Former South Bend, Ind., Mayor Pete Buttigieg has pledged that, if elected president, his administration would allocate $1 billion to combat anti-Semitism and violent extremism.

The Democratic candidate told the Jewish Telegraphic Agency that his “administration will devote $1 billion to prevent and combat radicalization and violent extremism. We will empower law enforcement by increasing the FBI’s domestic counter-terrorism field staff and pass federal legislation to expand our ability to track hate.”

Moreover, he said, “to combat the violent extremism that continues metastasizing online, we will dedicate federal funding for technology innovation and training to improve the software tools that track extremism.”

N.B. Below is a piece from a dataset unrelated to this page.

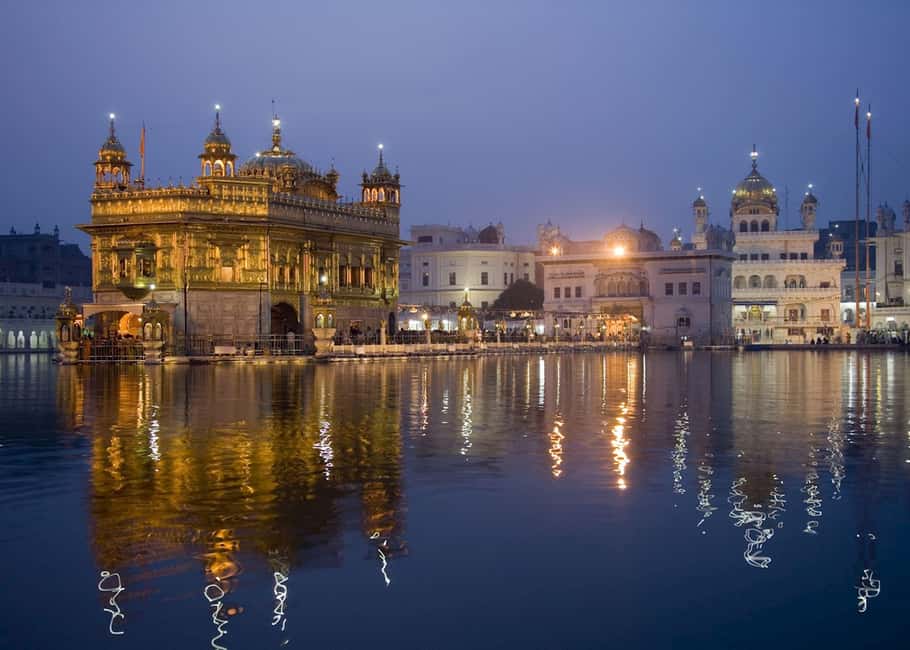 Amritsar Golden Temple- Night view walking tour - Golden Temple entry: what your guide helps you get right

Buttigieg expressed support for the Never Again Education Act, bipartisan legislation that has been introduced in both the U.S. Senate and U.S. House of Representatives. If enacted, it would create a grant program at the U.S. Department of Education to enable teachers across the United States the resources and training necessary to teach students about the Holocaust and its lessons.

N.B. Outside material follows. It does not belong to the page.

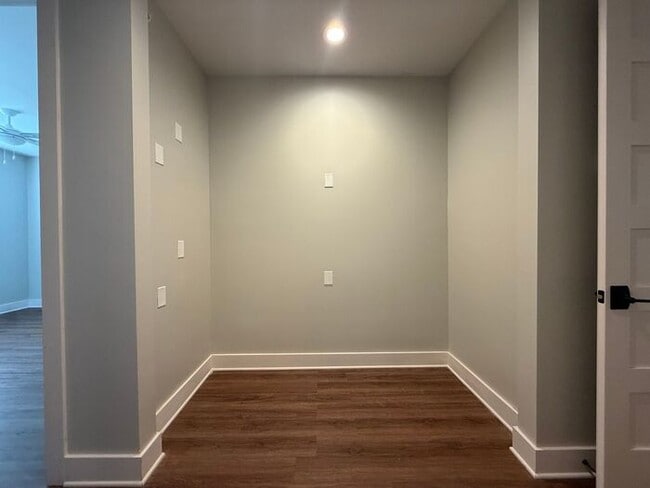 Photo - Modern 2 Bedroom Condo in the Heart of Melrose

The candidate also pledged to increase funding for the U.S. Department of Homeland Security’s Nonprofit Security Grant Program, which allows religious institutions and other nonprofits to protect themselves.

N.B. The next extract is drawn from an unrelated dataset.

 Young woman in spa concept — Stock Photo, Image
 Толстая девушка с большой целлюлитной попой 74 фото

He said that he would “direct the Justice Department’s Community Relations Service, which works to strengthen the ability of communities to prevent and solve conflicts, to prioritize its efforts to combat anti-Semitism and reduce tensions in communities where anti-Semitic incidents occur.”

Finally, he vowed to “create an interagency task force that works on combating all forms of bigotry and hate, including rising anti-Semitism. This task force will coordinate and leverage the resources of the federal government to address anti-Semitism domestically.”